### Files Needed: 
TODO

### Goal:
find the relative rank ordering of the 'intensity' of a maintenance event.

### Rationale: 
running any kind of analysis with 'categorical variables' is difficult because you must make a new column for each one. (Making a new column for a categorical variable is called 'one hot encoding.') because things like maintenance events or action tags aren't continuous numbers they cant be normally used in a regression (or other kinds of data analysis.) so a new column is made. 

The data that we deal with has a lot categorical variables (e.g. TMR mission tags, malfunction codes, action taken codes) so we cut those down by ranking the intensity of these variables and only including the most intense ones into our analysis. 

### Definitions:
intensity: How many days after that event was completed (using 'Comp Date' column) did a plane 'degrade'

degrade/degredation event: the day in which a plane went from FMC ->PMC/ PMC->NMC/ FMC->NMC.(e.g. if a plane on 8/18 was FMC and on 8/19 its reported as PMC then the degredation event is said to be on 8/19

maintenance event: a single row of the decplate file - the two variables we are ranking are -malfunciton code

# Add Dependencies

In [None]:
from sklearn import linear_model
from datetime import datetime
import numpy as np
import operator

# Load in Files

In [None]:
mc_status=pd.read_csv('/Users/jordancoursey/Desktop/Navy/Models/DailyBunoMC.csv')
#maintDf = 
#this gives maintDf and mcstatus - the two files that get merged - the same names in which they are merged on top of

# Clean Data

In [None]:
#high level: you're mergin the status of a plane on a given day with all of the maintenance that was logged for it on that day
# the goal here is to associate maintenance done on a plane and how that is associated with the plane's MC status

maintDf = maintDf.rename(columns={'Bu/SerNo': 'Buno', 'Rcvd Date': 'Date' })
#converting to string types so they can be merged
maintDf['Date'] = maintDf['Date'].astype(str)
mc_status['Buno'] = mc_status['Buno'].astype(str)
#TODO
mc_merged = mc_status.merge(maintDf,how='left',on=['Buno','Date'])
features = [ 'Date', 'Buno', 'MC_x','Maint Level', 
        'Type Maint Code', 'Trans Code', 'Malfunction Code',
       'Action Taken', 'Position Code', 'Manhours',
        'In Work Date', 'Comp Date',]
mc_merged = mc_merged[features]
#converting the order of the date format ( year, month, date) so they can be merged on top of one another
mc_merged['Date'] = mc_merged['Date'].apply(lambda x : datetime.strptime(x, '%Y-%m-%d') )
mc_merged['Date'] = mc_merged['Date'].apply(lambda x :'{0}/{1}/{2}'.format(x.month, x.day, x.year ) )
#TODO
completed_actions_df = mc_merged[['Comp Date', 'Action Taken','Buno']]
completed_actions_df = completed_actions_df.dropna()
completed_actions_df = completed_actions_df.rename(columns={'Comp Date': 'Date', 'Action Taken':'Action Completed'})
mc_merged = mc_merged.merge(completed_actions_df, how='left',on=['Date','Buno'])


In [None]:
mc_down = mc_merged[['MC_x','Buno']]
mc_down['Buno'] = mc_down['Buno'].astype(int)
mc_down = mc_down.diff()
# todo
mc_down = mc_down.rename(columns = {'MC_x':'MC_diff', 'Buno':'Buno_diff'})
mc_df = pd.concat( [mc_merged, mc_down],axis=1)
mc_df = mc_df.rename(columns={'Action Completed': 'Action_Completed'})

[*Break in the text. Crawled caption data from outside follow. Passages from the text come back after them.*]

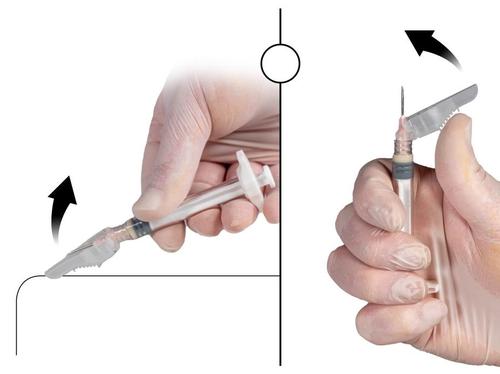Mano che tiene una siringa preriempita con ago rivolto verso l
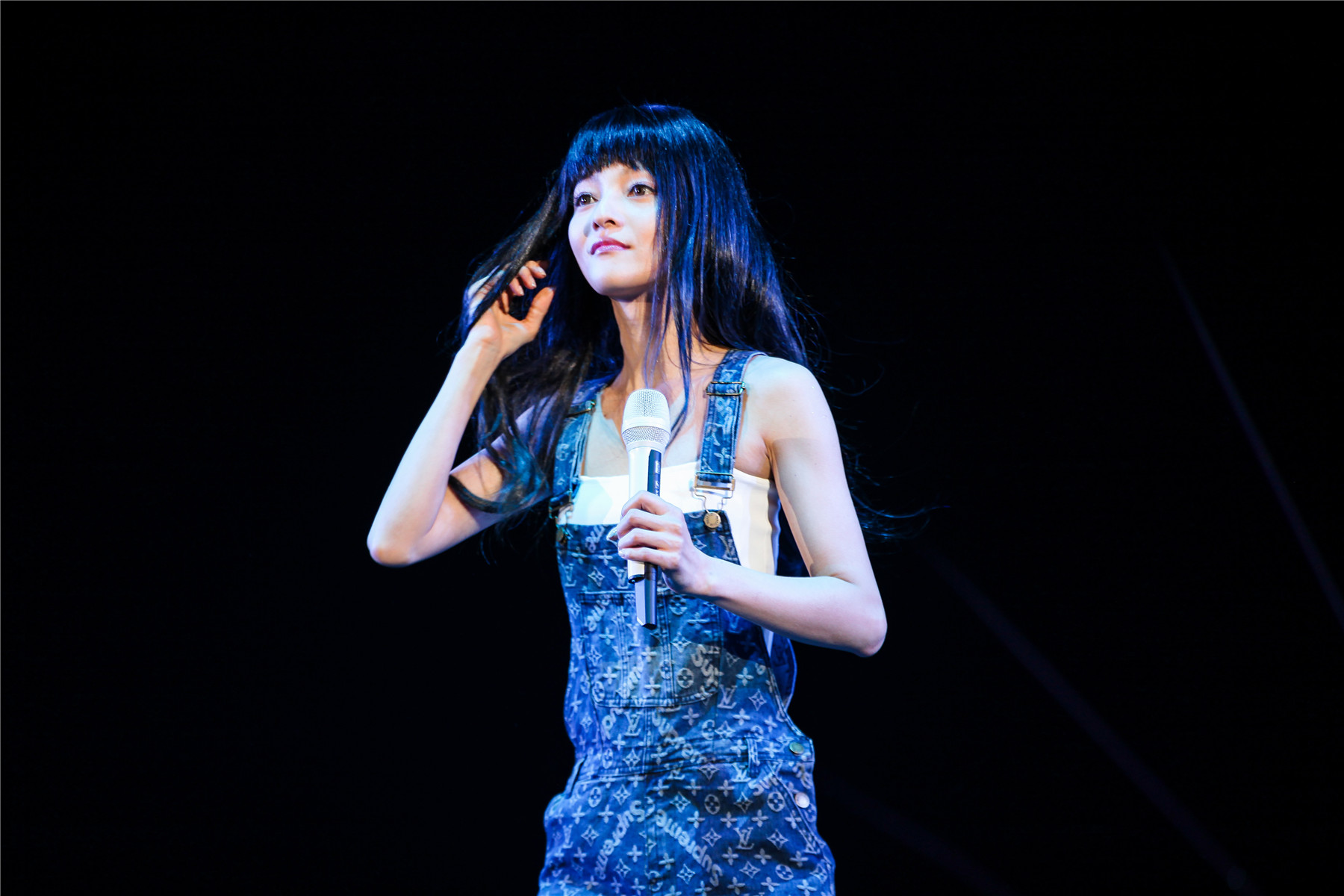 张韶涵的逆天少女感不只是穿背带裤时,她别的造型也很减龄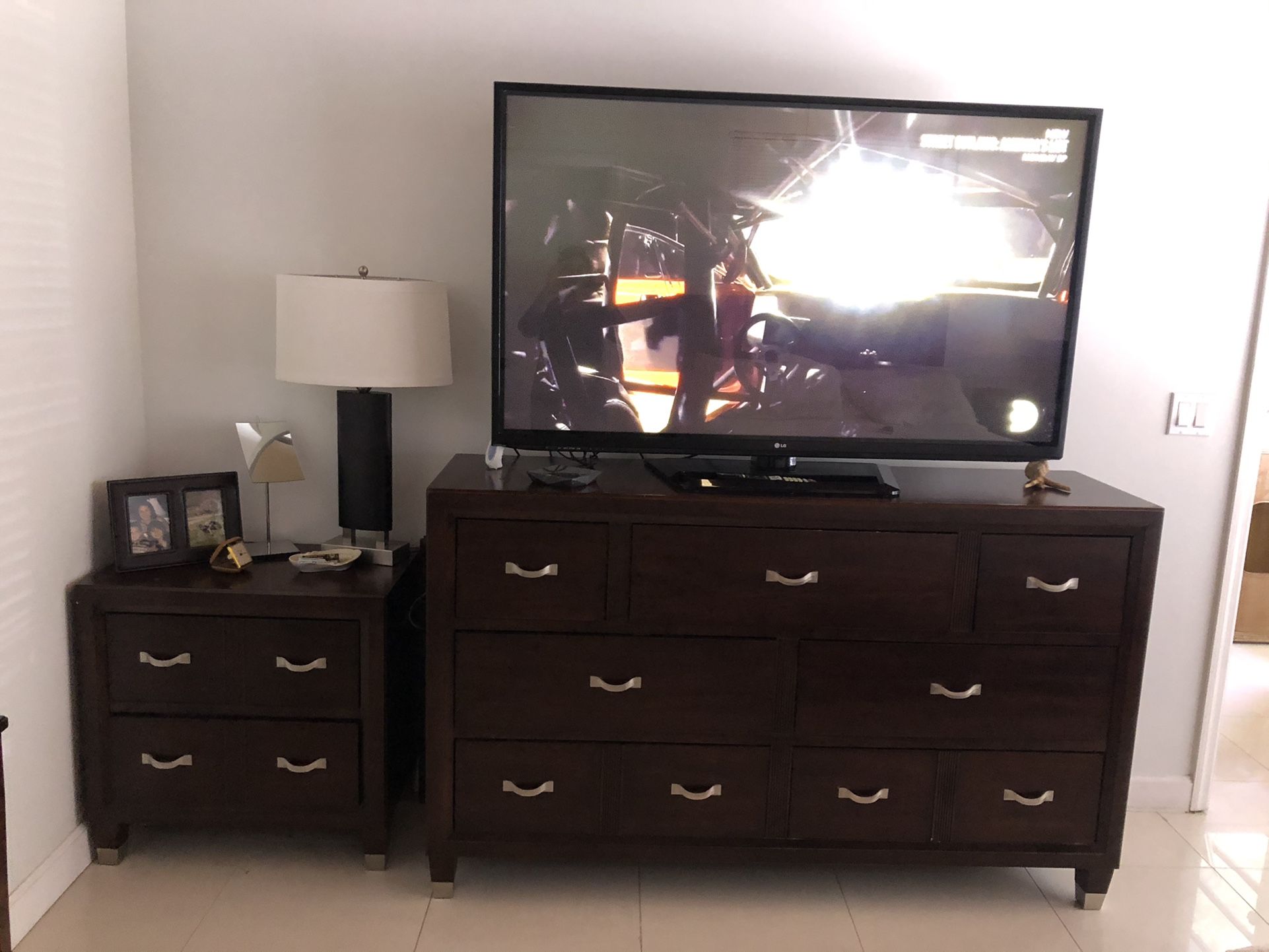 Broyhill Bedroom Set — With Lamps -Mattress Not Included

mc_df = mc_df[(~mc_df.Action_Completed.isnull())  | ( mc_df.MC_diff < 0.0) | (mc_df.Buno_diff !=0.0) ]
#save date of degredation by index ( find it by finding the negative MC_diff) and then subtract the date from that

mc_df['Date']= pd.to_datetime(mc_df['Date'],format='%m/%d/%Y') 
mc_df['Comp Date'] = pd.to_datetime(mc_df['Comp Date'],format='%m/%d/%Y')
mc_df = mc_df.sort_values(by=['Buno', 'Comp Date','MC_diff'])

# Feature Creation (days until degredation)

In [None]:
#Description: this will create an array of all the indices where a breakage event occured.
#purpose: 
mc_df = mc_df.dropna(subset=['Comp Date'])
mc_df = mc_df.reset_index(drop=True)
degredation_indices=[]
for index, row in mc_df.iterrows():
     if row['MC_diff']<0:
            degredation_indices.append(index)

In [None]:
#Description: this creates a dictionary of the indices where a new Buno starts in the dataframe
#Purpose: used to skip to the first instance of a buno in tandem with the breakage occurences. so that whne you're iterating through
# the dataframe you dont start counting the days until breakage from a different buno. 
buno_indices =[]
for index, row in mc_df.iterrows():
    if row['Buno_diff'] !=0:
        buno_indices.append(index)
bunos = list(set(mc_df['Buno']))
buno_dict = dict(zip(bunos, buno_indices))

Potentially stop the cell below within 30 minutes of running - not strictly necessary to run through entire maintenance history if it takes too long

In [None]:
#description: Adds in the date at which a plane degrades after a particular maintenance event
#purpose: used later to calculate total days before degredation
#notes: this code takes awhie to run. because these tags are somewhat optional its ok to stop it in hte middle.
#as a general rule of thumb the longer 
mc_df['Days_until_degredation'] = 0
mc_df['Degredation_date'] = 0

deg_i = 0
deg_buno = mc_df.iloc[degredation_indices[deg_i]]['Buno']
deg_date = mc_df.iloc[degredation_indices[deg_i]]['Comp Date']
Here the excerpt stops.